Bach's short time in Arnstadt would set the tone for what was to come. In the years that followed, while writing some of the greatest music the world has known, Bach managed to get himself thrown into jail for refusing to continue working for duke Wilhelm, remarried to a woman that was half his age, had 20 children and also adopted the four children of a man with whom he had a bitter rivalry, made one of the most renowned organists of his time chicken out of an organ duel, grabbed and threw people's wigs, and wrote a full cantata with the only intent of selling coffee (the Coffee Cantata might be the world's longest and most complicated commercial jingle.)
Bach's music is often associated with mathematical complexity and an expression of his deep-seated Lutheran faith. Another side to his music which is sometimes overlooked has to do with the sheer force of his character, which is apparent in the way he lived his life. For me, the work that best embodies this is the fifth Brandenburg concerto.

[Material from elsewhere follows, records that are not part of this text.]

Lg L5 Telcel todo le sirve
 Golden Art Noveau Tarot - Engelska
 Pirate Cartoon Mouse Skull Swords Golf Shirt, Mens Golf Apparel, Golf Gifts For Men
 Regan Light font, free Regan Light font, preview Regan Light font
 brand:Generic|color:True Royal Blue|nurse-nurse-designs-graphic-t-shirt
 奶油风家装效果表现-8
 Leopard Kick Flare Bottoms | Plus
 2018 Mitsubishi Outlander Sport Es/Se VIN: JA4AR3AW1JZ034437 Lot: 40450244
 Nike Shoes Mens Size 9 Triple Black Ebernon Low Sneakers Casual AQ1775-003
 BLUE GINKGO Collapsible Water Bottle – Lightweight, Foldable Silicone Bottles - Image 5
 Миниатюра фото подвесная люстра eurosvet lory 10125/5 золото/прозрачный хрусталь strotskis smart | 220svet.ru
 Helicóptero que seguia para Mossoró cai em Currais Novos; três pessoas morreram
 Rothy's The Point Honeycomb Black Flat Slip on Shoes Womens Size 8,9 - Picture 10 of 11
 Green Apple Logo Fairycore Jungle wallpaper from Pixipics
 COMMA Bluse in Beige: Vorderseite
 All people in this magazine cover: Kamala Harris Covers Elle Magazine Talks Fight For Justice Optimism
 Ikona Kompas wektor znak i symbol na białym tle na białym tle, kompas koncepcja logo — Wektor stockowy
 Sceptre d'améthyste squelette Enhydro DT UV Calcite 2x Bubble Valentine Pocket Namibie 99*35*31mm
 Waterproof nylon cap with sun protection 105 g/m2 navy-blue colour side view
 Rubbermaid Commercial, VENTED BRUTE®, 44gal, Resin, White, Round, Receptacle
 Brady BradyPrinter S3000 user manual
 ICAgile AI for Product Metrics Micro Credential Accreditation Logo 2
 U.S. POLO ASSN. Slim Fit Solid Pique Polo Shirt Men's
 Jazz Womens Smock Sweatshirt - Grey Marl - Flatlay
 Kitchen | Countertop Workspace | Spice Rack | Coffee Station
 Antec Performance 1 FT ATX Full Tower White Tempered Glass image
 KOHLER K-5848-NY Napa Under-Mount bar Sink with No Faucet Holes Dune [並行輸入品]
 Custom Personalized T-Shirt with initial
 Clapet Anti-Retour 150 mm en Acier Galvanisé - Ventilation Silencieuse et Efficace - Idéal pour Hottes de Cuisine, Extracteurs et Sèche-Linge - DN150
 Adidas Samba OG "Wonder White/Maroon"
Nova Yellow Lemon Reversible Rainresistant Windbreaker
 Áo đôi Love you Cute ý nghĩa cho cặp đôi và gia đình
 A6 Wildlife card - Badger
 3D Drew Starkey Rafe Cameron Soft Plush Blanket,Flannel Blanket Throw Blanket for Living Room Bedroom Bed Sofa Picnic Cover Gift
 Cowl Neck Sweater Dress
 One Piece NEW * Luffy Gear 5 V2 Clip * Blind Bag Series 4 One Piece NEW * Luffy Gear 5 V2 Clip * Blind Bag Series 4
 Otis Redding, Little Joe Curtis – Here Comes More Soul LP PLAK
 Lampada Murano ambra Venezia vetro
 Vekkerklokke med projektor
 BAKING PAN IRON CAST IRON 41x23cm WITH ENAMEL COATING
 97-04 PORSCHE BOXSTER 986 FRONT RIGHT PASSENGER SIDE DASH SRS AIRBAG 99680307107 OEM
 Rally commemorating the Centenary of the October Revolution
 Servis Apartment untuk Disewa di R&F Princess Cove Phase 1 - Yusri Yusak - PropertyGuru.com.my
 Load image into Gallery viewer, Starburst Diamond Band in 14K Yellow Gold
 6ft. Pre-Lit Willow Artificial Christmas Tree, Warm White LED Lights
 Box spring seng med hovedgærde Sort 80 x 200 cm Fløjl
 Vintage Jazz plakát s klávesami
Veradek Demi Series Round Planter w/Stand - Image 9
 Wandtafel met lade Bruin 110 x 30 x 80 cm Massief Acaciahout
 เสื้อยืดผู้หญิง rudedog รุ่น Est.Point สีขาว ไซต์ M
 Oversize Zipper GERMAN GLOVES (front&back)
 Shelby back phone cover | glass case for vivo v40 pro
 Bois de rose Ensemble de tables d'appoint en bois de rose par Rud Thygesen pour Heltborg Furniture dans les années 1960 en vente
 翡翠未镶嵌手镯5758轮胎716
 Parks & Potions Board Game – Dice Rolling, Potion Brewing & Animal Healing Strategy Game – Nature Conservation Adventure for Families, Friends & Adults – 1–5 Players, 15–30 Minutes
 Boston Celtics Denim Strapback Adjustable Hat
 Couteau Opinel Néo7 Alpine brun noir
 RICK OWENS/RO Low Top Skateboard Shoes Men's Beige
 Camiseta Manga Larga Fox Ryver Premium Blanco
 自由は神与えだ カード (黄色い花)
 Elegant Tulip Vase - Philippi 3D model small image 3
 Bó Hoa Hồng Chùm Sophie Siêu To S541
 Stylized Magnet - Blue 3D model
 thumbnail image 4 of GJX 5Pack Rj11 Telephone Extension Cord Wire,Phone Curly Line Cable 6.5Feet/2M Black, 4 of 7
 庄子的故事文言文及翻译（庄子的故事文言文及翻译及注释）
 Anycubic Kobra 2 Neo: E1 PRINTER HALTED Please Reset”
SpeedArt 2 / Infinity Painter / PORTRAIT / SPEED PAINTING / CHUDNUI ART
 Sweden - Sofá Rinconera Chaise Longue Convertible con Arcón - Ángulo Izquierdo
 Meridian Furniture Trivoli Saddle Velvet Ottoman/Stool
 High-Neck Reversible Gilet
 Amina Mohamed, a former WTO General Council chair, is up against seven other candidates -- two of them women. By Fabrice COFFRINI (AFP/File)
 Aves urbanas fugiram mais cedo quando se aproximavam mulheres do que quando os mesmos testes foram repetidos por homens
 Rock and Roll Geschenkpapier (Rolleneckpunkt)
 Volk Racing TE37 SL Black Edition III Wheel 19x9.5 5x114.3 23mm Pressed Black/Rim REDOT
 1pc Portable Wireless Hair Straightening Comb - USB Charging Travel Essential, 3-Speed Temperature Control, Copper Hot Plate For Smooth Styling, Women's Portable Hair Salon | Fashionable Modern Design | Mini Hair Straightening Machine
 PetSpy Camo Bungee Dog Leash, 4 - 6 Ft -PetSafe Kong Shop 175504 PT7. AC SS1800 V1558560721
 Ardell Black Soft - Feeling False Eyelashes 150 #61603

Throughout the concerto, the harpsichord constantly erupts into virtuoso scales and trills all over the keyboard until finally, much like Bach's peers, the rest of the instruments simply cannot keep up. Then follows a harpsichord cadenza that is unique among the music of its time. I like to imagine Bach playing it for the first time; wig askew, sweat pouring; while the rest of the people in the room watch in complete shock as the little pudgy man goes crazy (like The Who breaking their instruments on stage or Hendrix playing the guitar with his teeth). It has scales up and down, all manners of trills and diabolic ornamentation, it has the left hand leaping around in octaves (which in baroque music is amazing in itself), it has the theme jumping around from voice to voice--- it's practically Liszt at his most diabolical.